While animal bridegrooms are an extremely popular folktale motif, it’s fairly rare to encounter bridegrooms who were originally born non-human. (This is particularly interesting as it is much more common for brides to be born nonhuman—see “The Little Mermaid,” anything about selkies, “Undine,” “Melusine”—there’s also a distinct aquatic theme here, but I’m getting off-topic.)
There are only two other stories like this that come to mind: “The Pig King” (Italian and French) and “Hans My Hedgehog.” (German) (I am sure there are other stories out there that fit into this category, but there are hundreds of thousands of fairy tales in the world, and I can only read a small percentage of them, and can remember even less.)
“Prince Lindworm” differs from these other two born-a-monster stories in that his reason for being a monster is slightly more traditional. Monster bridegrooms are generally turned into monsters as a punishment—usually for a fairly minor offense, such as general rudeness or turning down romantic advances. The lindworm is a lindworm because of his mother’s minor offense of eating too many flowers. There’s no punishment involved in Hans’ or the Pig King’s monstrousness; their parents wanted desperately to have children, and someone magical heard their pleas and said yeah, okay, sure—but with a fun little twist. (Although Hans’ dad totally brought it on himself by saying “I want a kid so bad I wouldn’t even care if he was a hedgehog.”)
All three stories involve the beast marrying before his transformation. But while Hans and both versions of the Pig King remain beasts at least part-time for some time after their marriage (we’re talking months, here), the lindworm is transformed on their wedding night. Hans and French pig are the types of characters that can only be permanently freed from their animal forms when the animal skins are destroyed. Which their wives handle, having become extremely fed up with this whole bestiality situation. The terms of transformation for the Italian pig are just that he be married three times. (Which, by the way, no one actually knew about. The terms and conditions were totally secret in this situation. And personally, if I didn’t know about the 3 weddings deal, I probably wouldn’t have kept getting married after multiple spouses attempted to kill me, but whatever, you do you.)

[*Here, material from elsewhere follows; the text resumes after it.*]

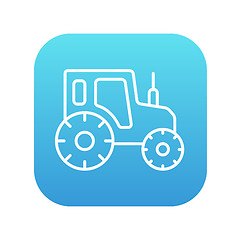 Image showing Tractor line icon.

Prince Lindworm just feels more like an enchanted bridegroom story than the others—partly because of the consequences-for-your-actions element of his lindworm-iness, but mostly I think because of the transformation sequence? And the role the main girl plays.
Hans’ bride comes off more like a Brave Little Tailor girl than an enchanted bridegroom girl; you don’t really get the sense that she’s saving him from enchantment. He won the right to marry her through tailor-typical feats, and their relationship is something that she endures until she figures out she can make it a little more bearable by trashing his hedgehog skin.
The pig king’s bride lying with him every night when he’s not wearing an animal skin is actually pretty common in folklore, with the best example being “East of the Sun, West of the Moon”—and of course there’s “Cupid and Psyche” there, too. But I do feel that a fundamental part of those stories is the journey that the girl goes on after seeing his face. “The Pig King” just feels—I don’t know.
I think an important part of enchanted bridegroom stories is the step where the girl does something to save the beast—whether that’s going on a journey to find him, initiating a bizarro transformation sequence, or searching frantically through the palace to find him and marry him before he dies of sorrow.
I don’t know. I just think that "Prince Lindworm" is better than the other born-enchanted stories I’ve encountered. It just feels right.
I can’t think of a good ending, here. Whatever. Remind me to come back to that whole girls-more-commonly-start-out-non-human thing sometime when I have the energy to spare for anything non-Lindworm related. (Even when bridegrooms are born monsters, they’re still distinctly enchanted, born from normal humans. Brides are more likely to be just naturally nonhuman, which is—there’s something significant in that, I’m sure, and I actually meant it to be a part of my seminar paper five years ago, but the professor made me narrow my focus, which was probably a good idea as the paper was still like 25 pages long.)